**Data segment:**
-=-=-=-=-
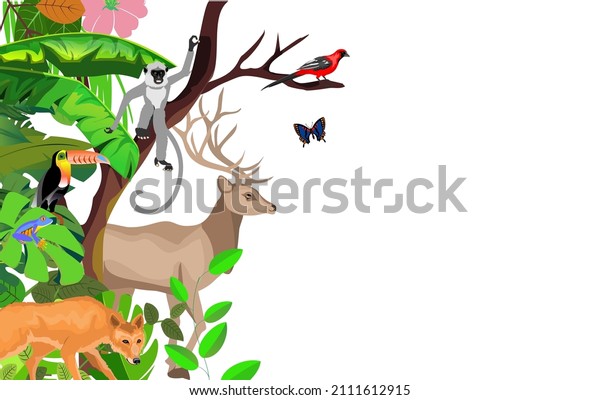 Vector jungle rainforest\
foliage  border illustration with deer, toucan, gibbon ape, wolf\
and butterflies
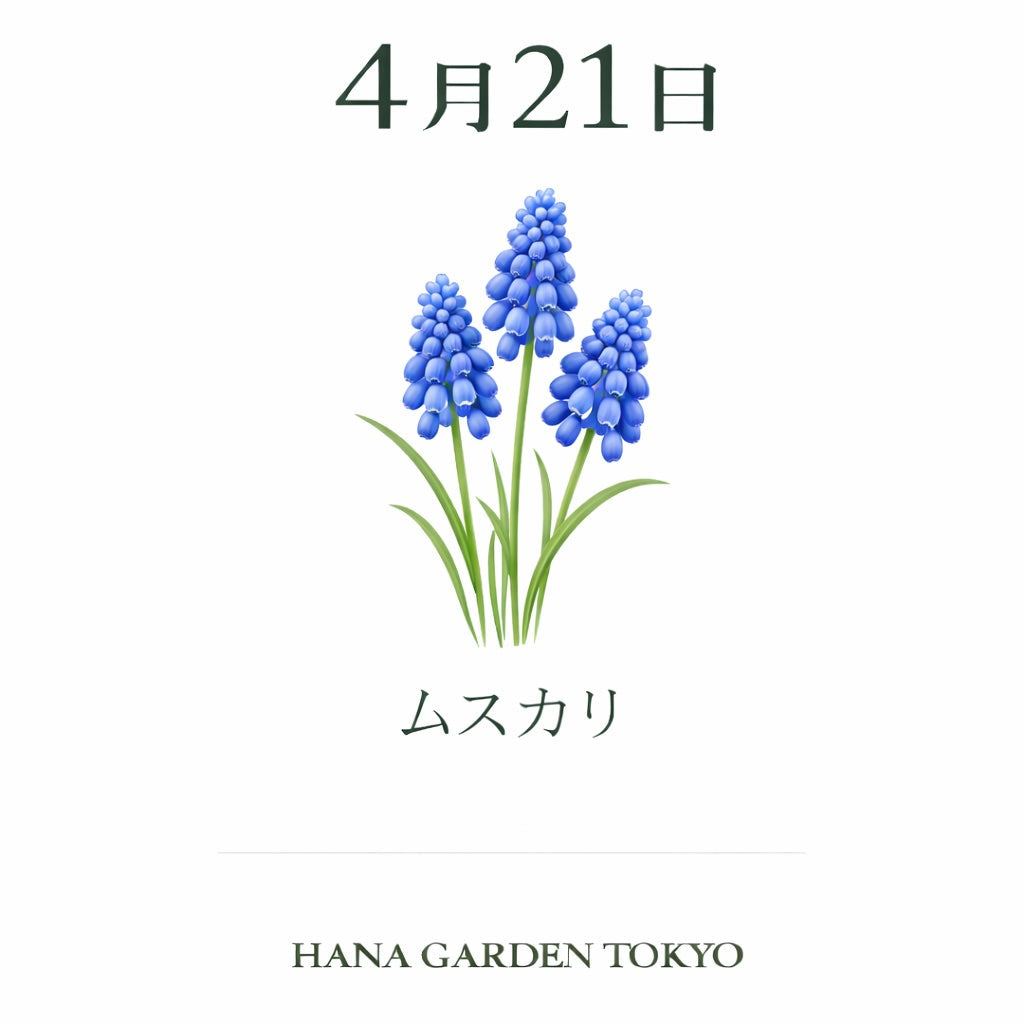 4月21日の誕生花はムスカリ｜小さく可憐に咲く春の花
-=-=-=-=-
**What you should do:** What you return must match the data above exactly, with no images included.

**Output of the exercise:**
 Vector jungle rainforest\
foliage  border illustration with deer, toucan, gibbon ape, wolf\
and butterflies
 4月21日の誕生花はムスカリ｜小さく可憐に咲く春の花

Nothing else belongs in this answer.